Sunday, February 13, 2011
Planet of the Grapes
Re-reading Pierre Boulle’s book brought to mind my third attempt at writing my own novel. I was twelve years old, if I’m remembering correctly. This time the fire lasted until I had a complete page, single-spaced, front and back, hand-written.
This was during my family’s famous two-week vacation down at Lavalette, New Jersey. About a dozen of us – my parents, my grandparents, aunts and uncles – rented a tiny cottage three blocks from the Atlantic Ocean. Days were spent on the beach, nights barbecuing and going into Seaside Heights for ice cream and to play the games on the boardwalk. I won a prize for the first time ever on those spinning wheels – Billy Joel’s The Stranger and Glass Houses. My brother and I would rent those dual bicycle buggies every afternoon and pedal endlessly up and down the streets adjacent to the beach.
This was also the time I struggled unsuccessfully through The Silmarillion, and successfully through The Spinner. I must have read Boulle’s book earlier that spring because it was on my mind, particularly writing a story based on a pun on the title.
Or maybe my prime inspiration was a very popular joke going around the grammar school at the time:
What’s purple, dangerous, and lives in a bush?
A grape with a machine gun.
Now, I remember setting up shop on the picnic table in the tiny backyard one evening, pencil and paper at hand. I hadn’t decided whether everyone was going to be a grape – good guys as well as bad guys – but I knew at least the bad guys were going to be grapes. Little grapes, or maybe larger, like the size of basketballs, but with little white hands, arms and legs. Their faces would be on the round part of the body. Now I’m envisioning either those M&M animorphic characters, or possibly the California Raisins, though I think my Planet of the Grapes predates both by seven or eight years.
Was the Charlton Heston figure a man, macho like Chuck, or were the human astronauts to be represented as grapish? Hmmm. I figured that would come when I got there.

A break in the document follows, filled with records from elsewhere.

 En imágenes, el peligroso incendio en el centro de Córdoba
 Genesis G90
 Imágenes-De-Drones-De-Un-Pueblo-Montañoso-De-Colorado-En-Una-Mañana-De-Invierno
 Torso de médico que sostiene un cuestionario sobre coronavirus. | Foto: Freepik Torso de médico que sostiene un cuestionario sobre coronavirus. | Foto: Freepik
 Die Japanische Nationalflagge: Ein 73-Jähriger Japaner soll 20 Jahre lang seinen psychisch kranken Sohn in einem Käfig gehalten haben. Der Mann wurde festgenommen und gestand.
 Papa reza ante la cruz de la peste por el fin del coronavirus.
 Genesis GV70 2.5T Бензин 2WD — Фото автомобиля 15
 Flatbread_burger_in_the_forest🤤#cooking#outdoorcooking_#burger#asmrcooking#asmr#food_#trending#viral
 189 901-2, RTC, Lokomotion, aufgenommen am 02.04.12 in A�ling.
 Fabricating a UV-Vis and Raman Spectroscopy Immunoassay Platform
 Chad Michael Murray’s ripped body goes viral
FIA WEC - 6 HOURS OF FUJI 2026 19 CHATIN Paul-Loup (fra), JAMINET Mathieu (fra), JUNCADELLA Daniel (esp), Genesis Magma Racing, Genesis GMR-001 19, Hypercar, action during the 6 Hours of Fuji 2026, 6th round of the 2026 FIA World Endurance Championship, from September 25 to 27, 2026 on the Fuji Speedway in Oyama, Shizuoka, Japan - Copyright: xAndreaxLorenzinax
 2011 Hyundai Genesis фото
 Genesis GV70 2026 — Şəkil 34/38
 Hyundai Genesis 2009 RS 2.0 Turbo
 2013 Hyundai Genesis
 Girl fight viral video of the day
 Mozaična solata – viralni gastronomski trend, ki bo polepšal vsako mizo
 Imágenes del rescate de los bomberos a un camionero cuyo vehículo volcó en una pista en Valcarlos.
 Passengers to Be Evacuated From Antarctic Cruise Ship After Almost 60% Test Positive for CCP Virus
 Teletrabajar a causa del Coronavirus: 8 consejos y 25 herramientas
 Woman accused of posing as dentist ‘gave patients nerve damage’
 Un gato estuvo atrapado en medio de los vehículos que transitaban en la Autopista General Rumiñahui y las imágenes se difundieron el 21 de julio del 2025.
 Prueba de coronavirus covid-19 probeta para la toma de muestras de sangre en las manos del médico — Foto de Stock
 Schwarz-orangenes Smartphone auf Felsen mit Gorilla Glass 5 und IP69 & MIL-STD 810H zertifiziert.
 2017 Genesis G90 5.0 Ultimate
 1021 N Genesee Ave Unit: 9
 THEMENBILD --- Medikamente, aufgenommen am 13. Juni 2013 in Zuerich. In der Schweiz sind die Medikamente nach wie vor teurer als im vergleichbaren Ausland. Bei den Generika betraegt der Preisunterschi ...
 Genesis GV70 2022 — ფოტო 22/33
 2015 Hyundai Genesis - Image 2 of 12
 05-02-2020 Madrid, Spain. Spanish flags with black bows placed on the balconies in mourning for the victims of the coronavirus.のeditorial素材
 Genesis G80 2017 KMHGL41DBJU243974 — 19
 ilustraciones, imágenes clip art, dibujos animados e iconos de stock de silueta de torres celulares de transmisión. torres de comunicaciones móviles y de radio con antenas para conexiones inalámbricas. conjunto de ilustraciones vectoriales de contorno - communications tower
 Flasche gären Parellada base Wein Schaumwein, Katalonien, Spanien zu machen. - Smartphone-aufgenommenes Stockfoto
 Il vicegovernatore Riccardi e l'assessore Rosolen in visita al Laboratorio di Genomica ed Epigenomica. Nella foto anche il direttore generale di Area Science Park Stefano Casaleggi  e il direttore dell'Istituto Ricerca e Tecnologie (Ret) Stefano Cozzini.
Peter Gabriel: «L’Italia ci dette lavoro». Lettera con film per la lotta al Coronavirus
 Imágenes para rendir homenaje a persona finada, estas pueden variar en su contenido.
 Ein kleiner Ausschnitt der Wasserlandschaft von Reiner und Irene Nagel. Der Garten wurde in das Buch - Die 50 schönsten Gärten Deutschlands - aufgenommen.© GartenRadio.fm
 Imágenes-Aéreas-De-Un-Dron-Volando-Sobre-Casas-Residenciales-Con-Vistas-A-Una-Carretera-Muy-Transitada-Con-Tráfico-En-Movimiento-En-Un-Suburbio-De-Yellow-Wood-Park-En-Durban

So I spent maybe an hour or so scratching out my setting on the lined notebook paper, tongue probably hanging out the corner of my mouth. I recall describing the plush jungle world where the grapes lived. Suddenly – movement! A grape, armed to the bone, comes crashing out of the brush, and stumbles upon a strange spacecraft. It’s the crashed pod that brought our hero(es) to this nightmare world, where Grapes rule and mankind suffers under their cruel leash.
And that’s all I got, forgotten now to the ages. One handwritten page, maybe three hundred words. Forgotten to the ages, as is my first attempt at novel-writing, Star Rats, and its follow-up, my parody of Agatha Christie’s Ten Little Indians. Oh well. Perhaps as a reward in the Great Hereafter I may be allowed a glimpse at what I wrote over three decades ago.
That's what you were doing on that vacation? Here I thought you were busy drawing comics where I had to endlessly carry your tombstone.
ReplyDeleteUncle
The tombstone comics! It was a very busy two-week vacation.
ReplyDeleteI also remember your wife vivdly described a horror movie to me about a blob monster chasing its victims into a swimming pool. Grossed me out and gave me nightmares, though I still haven't tracked it down on youtube.